U.S. News and World Report recently released its 2019 ranking of the best business schools in the country. The top-10 names are what you’d expect:
1. Harvard University (tie)
1. University of Chicago (tie)
3. University of Pennsylvania
4. Stanford University
5. Massachusetts Institute of Technology
6. Northwestern University
7. University of California, Berkeley (tie)
7. University of Michigan, Ann Arbor (tie)
9. Columbia University
10. Dartmouth College
If you’re interested in attending business school—whether the school is top-notch or not—it’s important to perform a cost-benefit analysis. How much is tuition? How much debt will you take on? And how much can you expect to earn after graduation?
Student loans can take years or even decades to pay off, but post-graduate careers are generally more lucrative. Business school prepares you for a career in management consulting, investment banking, and other high-powered industries.
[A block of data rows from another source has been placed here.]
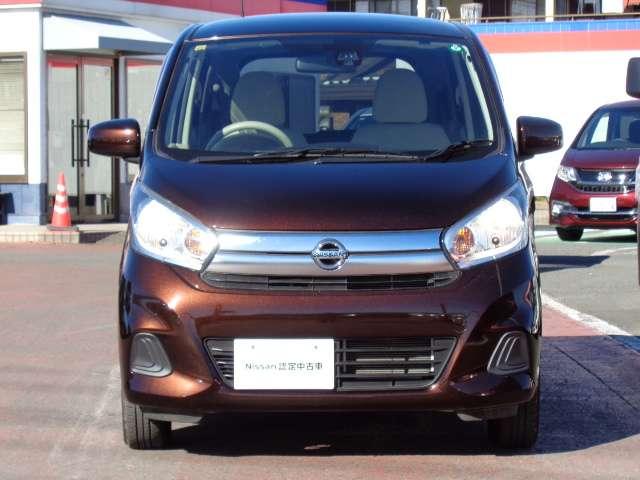 デイズ 660 J メモリーナビ エマージェンシーブレーキ レーダーB バックビューモニター WSRS パワーウィンド ナビ&TV キーフリー ワンオーナー車 記録簿有り SRS PS メモリーナビ AC ワンセグ ABS(16枚目)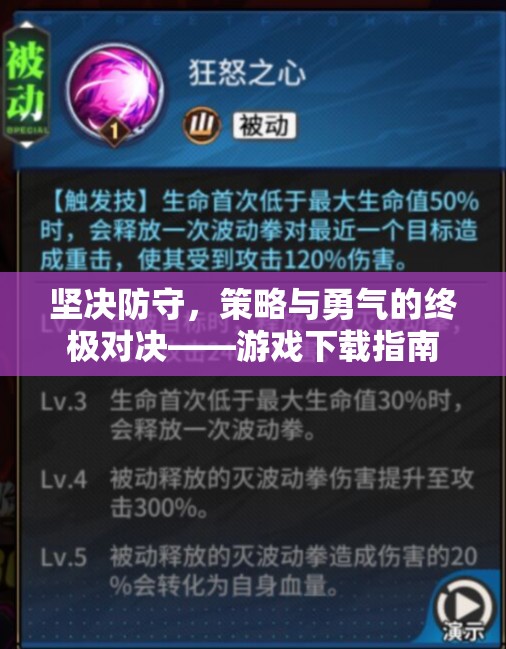 策略與勇氣的終極對決，游戲下載策略指南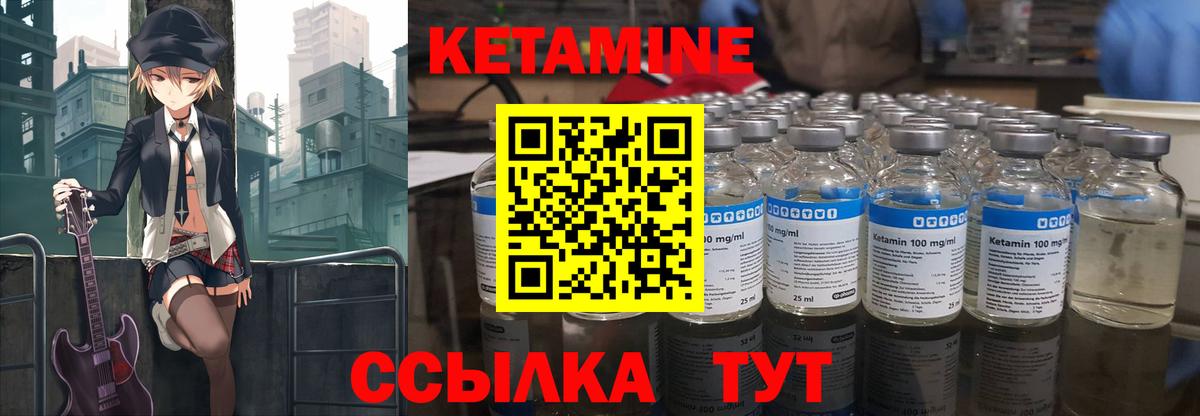 Губкин  КЕТАМИН ketamine  Вход с VPN 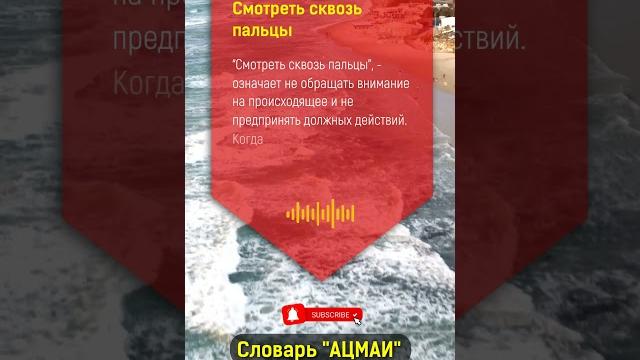 Что означает "смотреть сквозь пальцы" в Бизнесе? Что означает "смотреть сквозь пальцы" в Бизнесе?
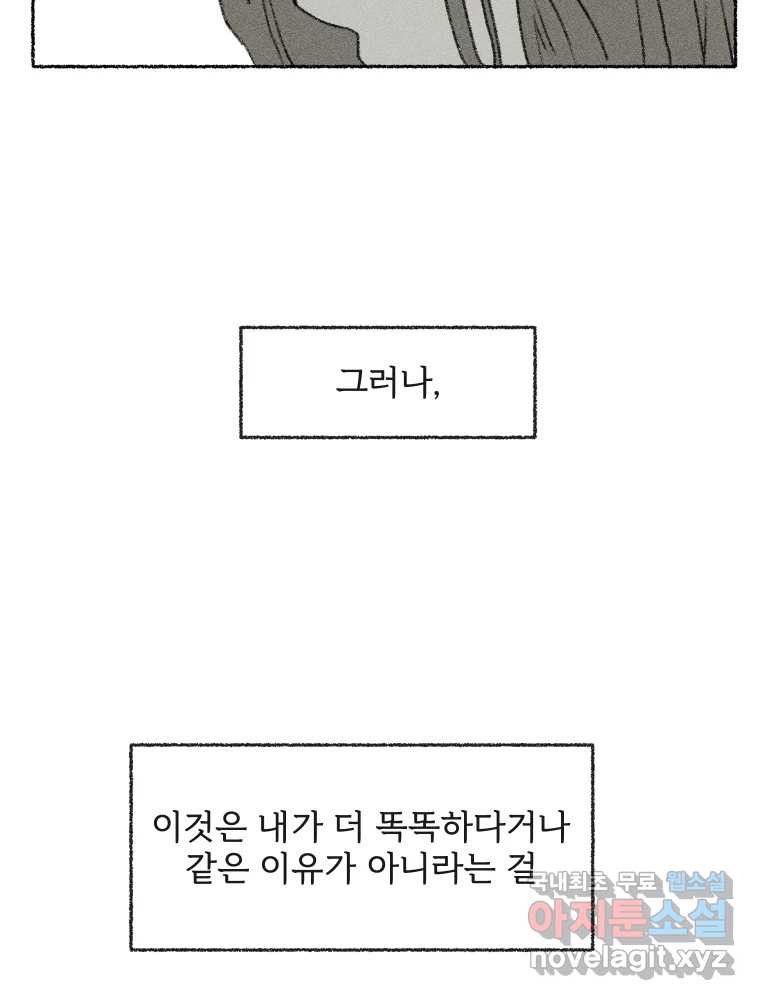 난편하다 15화 - 웹툰 이미지 44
Earnest, a student loan refinancer, crunched the numbers on median debt and earnings associated with the most popular graduate degree types. Here’s what they found:
Median debt and earnings for some major graduate degree types. Source: Earnest.com
As you can see, an MBA will shackle you with $64,000 in debt on average, but you can expect to earn nearly twice that in annual income three years after graduation.
A six-figure career is obviously worth pursuing. But perform a cost-benefit analysis first!